Pills & Clots, Hills & Plots… Dr.Elizabeth Oliver

After his daughter developed a blood clot while taking the medication Diane-35, Federal MP Julian Hill last week outlined his plan to ban the drug in Australia. He is concerned that GPs are mindlessly prescribing this dangerous drug because they like the way the name sounds. Let’s review.

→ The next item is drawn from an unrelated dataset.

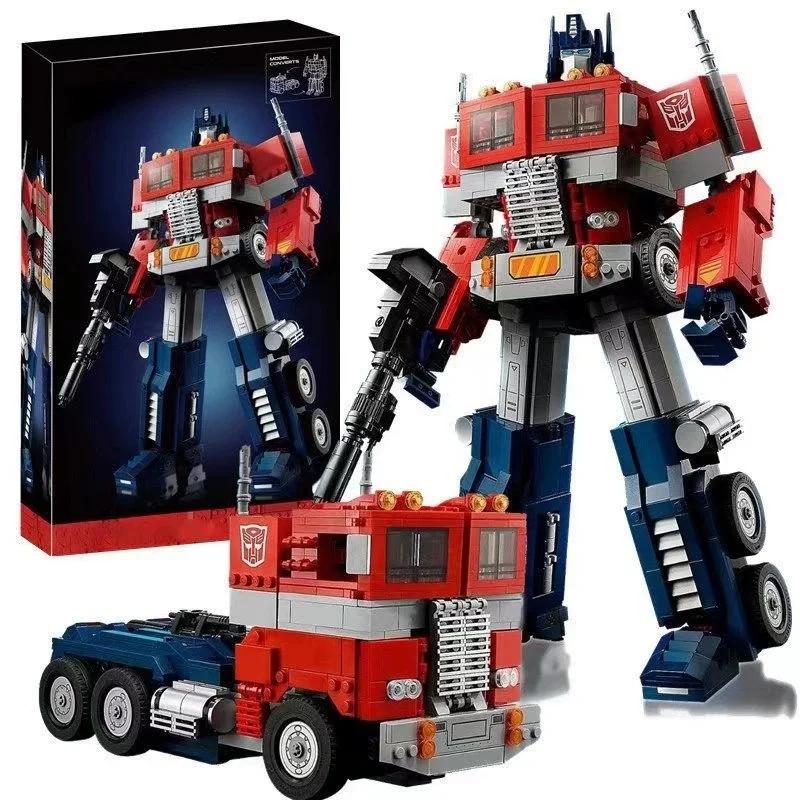 E164 Transformable Optimus Prime Car Robot Model Building Blocks Toy Compatible  Bumblebee King Mecha Made Durable Plastic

Diane-35 is a contraceptive pill specifically formulated to target skin. It’s prescribed for women with severe acne and body hair, with the added benefit of contraception and control of heavy periods, should the woman require either. Mr Hill revealed that the risk of blood clots, or deep vein thrombosis (DVT) on Diane-35 is double the risk of more commonly prescribed Pills.

img_6723

If you monitored ten thousand women not taking any Pill for a year, between 1 and 5 of them would get a DVT. 

A woman on a commonly prescribed, ‘safer’ Pill, say Levlen, has a risk of 5 to 7 in ten thousand.

A woman taking Diane-35 has a risk of 9 to 12 in ten thousand.

For perspective, in the three months after giving birth a woman has a risk of 60 in ten thousand.

Yes, it is double the risk. Sort of. Five more out of ten thousand. But, hold on, even women on a ‘safe’ Pill are at increased risk? Double to seven times compared to no Pill at all, depending how you sell it. Immediately after giving birth, a woman has a risk six times that of Diane-35. Should we ban pregnancy? Even better, ban smoking. Let’s ban obesity. Also hip and knee surgery. All of these substantially increase the risk of DVT. International travel, banned.

Any man or woman carrying the common Factor V Leiden gene has a one in ten risk over their lifetime of developing a DVT. No woman with this condition should be on the Pill, any Pill. No person with this condition should smoke. All people with this condition should be aware of it when taking long haul flights.

Is it good that we are talking about the risks of commonly used medications? Yes. If a wave of women come in the next few weeks wanting to discuss their contraceptive choice, fantastic. But the idea that any medication which requires a nuanced approach should be ‘banned’ is tiresome and hysterical. Thirty one men died after using Viagra in the first year of its availability in the UK, and plenty more since. Should we ban Viagra? One woman per week dies of domestic violence in Australia. Shall we ban men?

Contraception, like any medication, is complex. Any woman considering the Pill should have a thorough assessment of her family history and personalised risks and benefits. She should be presented with the numbers and make an informed decision based on her own values. I see women every day who deal with the effects of contraception, lack of contraception, acne, endometriosis, pregnancy and post-pregnancy complications. The more options they have, the better.

Mr Hill has found in social media chat groups that “some young women think that this is a good pill that makes their skin nice.” I suggest that before he trivialises severe acne and passes judgement on another person’s health choices, he reviews the numbers on depression, bullying and suicide among acne sufferers. Before deciding how people should be protected from their silly aesthetic demands, he could talk to some womens’ health experts.

He states “everyone knows it’s widely prescribed as a sexy sounding first-choice contraceptive.” GPs are looking at each other in confusion. Diane-35 is known as one of the more expensive and poorly tolerated Pills and most GPs aren’t so dazzled by the PR that they prescribe it as first choice. And absolutely no offence to any Dianes or Brendas, but I don’t think they sound any sexier than Yaz, Yasmin, Zoely, Valette, Loette, Seasonique or Eleanor. I could as easily say “everyone knows taking any Pill increases your risk of DVT on a long haul flight,” but I’d be wrong, and so is he.

The risk of DVT is real in all Pills. For some women, the Pill allows them to manage their crippling endometriosis, heavy periods, period pain, and the increased cancer risk associated with the irregular periods of polycystic ovarian syndrome. No drug is completely safe, or completely evil. If we are truly concerned with the health of Australian women and their risk of DVT, we could champion the male contraceptive, a promising alternative whose study was halted in 2016 because 6% of men reported mild side effects. We could fund general practice in such a way that GPs have time to talk to their patients about drug choices. We could run a ‘vasectomy drive,’ encouraging those who have completed their families to make a non-drug choice.  All of this could help Australian women more than banning Diane-35, dangerously sexy though she may be.